One of my good friends hosts a Lake Party for friends and family each summer. Over the recent Labor Day holiday weekend, I attended the 18th one, and realized that I haven’t missed many. These gatherings are wonderful and usually memorable. This year’s, will probably be tagged and remembered as the year we were ‘thunderstruck’, as an unanticipated lightning storm ended the gathering early. We might have tried to wait it out, but took our lesson from a previous year’s Lake Party. That year, it began to rain and the rain-became-a-downpour-became-a-monsoon that ended up lasting for hours. We have a pretty high tolerance for rain here in the Seattle area, but not much tolerance for soggy food, or charred food, so…lesson learned.
I remember my first Lake Party experience. Instructions on the invitation: “Bring something to grill and something to share.” When we arrived, I nervously looked around at the crowd and realized I only knew three people – my companion, my friend the host, and her mom. Not really a “Party Person” by nature, I mentioned that we couldn’t stay long, because, “We have lots to do this weekend.” We stayed until after dark.
The Lake Party is informal. Guests, young and old, from nearby or far across the world, show up each year. Most years, the food is fabulous. Occasionally, everyone brings the same thing, but it actually doesn’t matter.
Did I mention, there are boats?
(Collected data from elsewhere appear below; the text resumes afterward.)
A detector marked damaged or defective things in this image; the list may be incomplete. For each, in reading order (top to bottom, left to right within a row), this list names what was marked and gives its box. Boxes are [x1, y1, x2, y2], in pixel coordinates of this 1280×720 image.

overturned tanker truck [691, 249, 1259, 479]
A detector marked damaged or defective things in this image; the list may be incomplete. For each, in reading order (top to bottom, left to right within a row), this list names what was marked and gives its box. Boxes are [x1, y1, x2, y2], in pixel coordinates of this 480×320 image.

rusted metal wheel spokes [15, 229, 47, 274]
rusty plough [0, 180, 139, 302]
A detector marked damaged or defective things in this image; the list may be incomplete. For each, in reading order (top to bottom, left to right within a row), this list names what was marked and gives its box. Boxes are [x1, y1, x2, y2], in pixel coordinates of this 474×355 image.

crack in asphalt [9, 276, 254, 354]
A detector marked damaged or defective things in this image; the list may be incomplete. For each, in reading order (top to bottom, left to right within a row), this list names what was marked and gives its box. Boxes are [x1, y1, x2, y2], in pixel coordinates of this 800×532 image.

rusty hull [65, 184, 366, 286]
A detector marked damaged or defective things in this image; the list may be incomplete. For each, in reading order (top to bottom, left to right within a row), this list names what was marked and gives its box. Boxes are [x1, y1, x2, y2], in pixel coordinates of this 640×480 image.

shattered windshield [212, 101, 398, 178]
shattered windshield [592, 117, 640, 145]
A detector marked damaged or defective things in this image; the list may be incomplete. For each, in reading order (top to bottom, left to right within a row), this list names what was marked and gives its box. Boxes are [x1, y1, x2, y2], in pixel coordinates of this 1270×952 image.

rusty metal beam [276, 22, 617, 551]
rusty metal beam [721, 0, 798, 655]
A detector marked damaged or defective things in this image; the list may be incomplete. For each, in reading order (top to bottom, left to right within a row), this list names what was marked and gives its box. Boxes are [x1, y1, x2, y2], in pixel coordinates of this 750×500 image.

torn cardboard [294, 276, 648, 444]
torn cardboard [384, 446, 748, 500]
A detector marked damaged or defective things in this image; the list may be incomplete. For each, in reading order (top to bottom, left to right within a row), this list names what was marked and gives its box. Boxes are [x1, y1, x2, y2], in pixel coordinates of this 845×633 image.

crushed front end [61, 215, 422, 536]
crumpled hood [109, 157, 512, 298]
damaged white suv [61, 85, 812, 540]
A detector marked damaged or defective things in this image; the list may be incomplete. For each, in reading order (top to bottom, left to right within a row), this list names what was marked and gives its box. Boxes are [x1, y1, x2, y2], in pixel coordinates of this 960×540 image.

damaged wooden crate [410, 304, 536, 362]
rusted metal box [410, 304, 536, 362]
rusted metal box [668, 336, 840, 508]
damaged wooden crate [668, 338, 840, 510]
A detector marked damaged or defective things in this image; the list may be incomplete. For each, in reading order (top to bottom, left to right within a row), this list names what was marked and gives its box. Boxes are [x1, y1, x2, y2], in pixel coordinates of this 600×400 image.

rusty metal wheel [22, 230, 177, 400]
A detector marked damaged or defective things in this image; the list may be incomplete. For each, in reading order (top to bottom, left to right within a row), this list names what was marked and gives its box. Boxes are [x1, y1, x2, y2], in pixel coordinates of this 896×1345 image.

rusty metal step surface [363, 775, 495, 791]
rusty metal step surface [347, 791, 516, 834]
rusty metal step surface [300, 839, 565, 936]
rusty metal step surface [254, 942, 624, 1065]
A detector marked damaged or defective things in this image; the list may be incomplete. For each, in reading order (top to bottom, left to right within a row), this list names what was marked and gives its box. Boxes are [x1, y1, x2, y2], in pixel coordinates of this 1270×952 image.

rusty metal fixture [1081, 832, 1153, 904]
Some years, I’ve arrived to find nearly everyone out on the water. Over time, this gathering has provided opportunities to go out on sailboats, motorboats, non-motorized crafts, and all sorts of “floaties” and whatnot.
For many years, the Lake Party was held at my friend’s parent’s very old Scandinavian-style lakefront cabin on Lake Sammamish. It had been in their family for a very long time – providing a second home to their family, extended family, and many friends. It was heated by a woodstove. Indoor plumbing and electricity had been added as an afterthought. In its day, it wasn’t necessarily secluded, but it was off the main road down a long gravel/dirt driveway. Even when I first came on the scene, you could walk out the door and pick wild blackberries.
Around the time this annual Lake Party tradition began, the mid-to-late ‘90’s, the tech industry was booming just a few miles away (in fact, several of us worked there). Real estate development, gradually, then rapidly, approached and then encroached. The quaint, one-story, rustic wooden cabin with the wrap-around deck and huge picture windows that faced the lake just a few feet away, ended up surrounded, shaded and dwarfed by large upscale homes, some with their own helicopter landing pads.
About 10 years in, my friend’s parents reluctantly sold the cabin. Fortunately, the Lake Party had become an annual tradition by then; so it was reinvented the following year in a park on another of our local lakes. It’s not the same, but the venue has character and potential.
One year, perhaps the final year at the cabin, the group gathered on the rather small dock before sunset to pose for a group photo. I remember that we waited there for some of the latecomers to finish cooking or eating, so that they could be included. It was a gorgeous day, so I certainly didn’t mind hanging out the dock with friends. Eventually, the hold-outs joined the rest of us on the dock and we stood up to pose for the group photo.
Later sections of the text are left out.